I know the strlen function in assembly has been covered on the internet before, but I figured I’ve cover it again, just in case someone like myself were searching google for it ; here’s the code:
00404334 sub_404334 proc near
00404334 push edi
00404335 push eax
00404336 push ecx
00404337 mov edi, edx
00404339 xor eax, eax
0040433B repne scasb
0040433D jnz short loc_404341
0040433F not ecx
00404341 loc_404341:
00404341 pop eax
00404342 add ecx, eax
00404344 pop eax
00404345 pop edi
00404346 jmp sub_4041BC
00404346 sub_404334 endp
The inputs for this function come from edx and ecx, edx holds a pointer to our string (in this example, the string is the location of the windows directory, so I’m going to say it’s “C:\Windows”). Ecx holds the maximum length of the string, which is 256 in this example. This is important as ecx is used as a countdown while the string is checked. Let’s go line-by-line:
00404334 push edi
00404335 push eax
00404336 push ecx
These 3 lines just save the variables to the stack so they’re not overwritten, standard stuff.
00404337 mov edi, edx
00404339 xor eax, eax
edx (which is a LPCSTR to “C:\Windows”) is moved into edi (you’ll see why in a second). Eax is XOR’d with itself to reset it to 0. The next instructions will compare each character in the string with al, so essentially it’s searching for the NULL character ‘\0′
0040433B repne scasb
This instruction works from the beginning of edi, comparing each character of the string to whatever is in al (which is ‘\0′ or NULL right now). It decrements ecx for every character it compares (scans). If it does not find a match (repne – repeat-ne==Not Equal), it moves to the next character. In our example “C:\Windows” (terminated by NULL, like a good string should), ecx will decrease from 256 to 246 (C – 256, : – 255, \ – 254, W – 253, i – 252, n – 251, d – 250, o – 249, w – 248, s – 247, \0 – 246)
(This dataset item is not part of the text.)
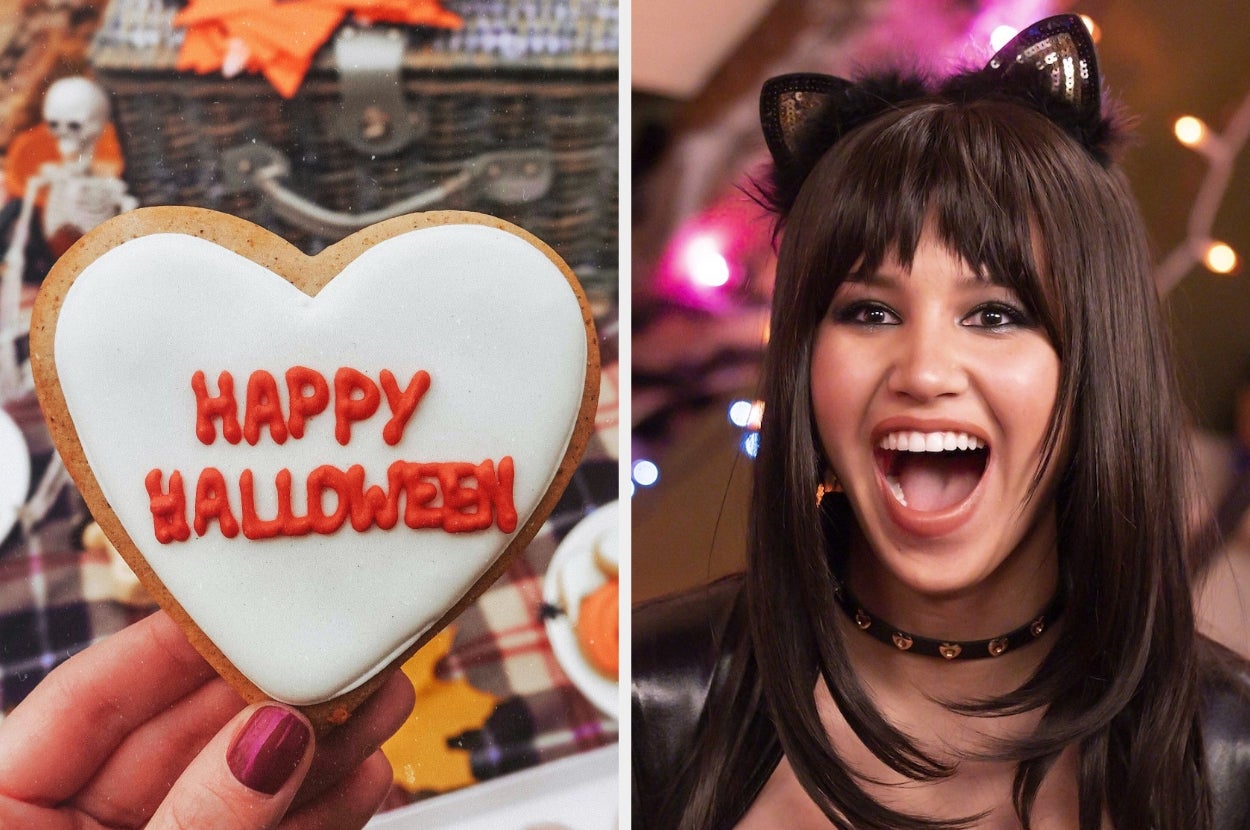 Heart-shaped cookie with "Happy Halloween" icing; person in a cat-themed Halloween costume smiling widely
0040433D jnz short loc_404341
If the end of the string was reached and there were not NULL bytes, jump to location 0x404341. In our example, it’s not jumped.
0040433F not ecx
Flip all the bits in ecx, since ecx will be treated as a signed number, this makes ecx = -ecx. Note that if the end of the string is reached (ecx = 0), this instruction would be skipped by the jump in the previous instruction. In our example however, ecx becomes -246 (or 0xFFFFFF09).
00404341 loc_404341:
00404341 pop eax
00404342 add ecx, eax
Ecx’s starting value (256, remember?) is popped back into eax. Eax is then added to ecx and the result is stored in ecx. Therefore:
eax = 256
ecx = ecx + eax
ecx = -246 + 256
ecx = 10
The length of the string now resides in ecx, we can restore our original registers and jump away in the ending instructions:
00404344 pop eax
00404345 pop edi
00404346 jmp sub_4041BC
And that, is one way to get the length of a string in assembly.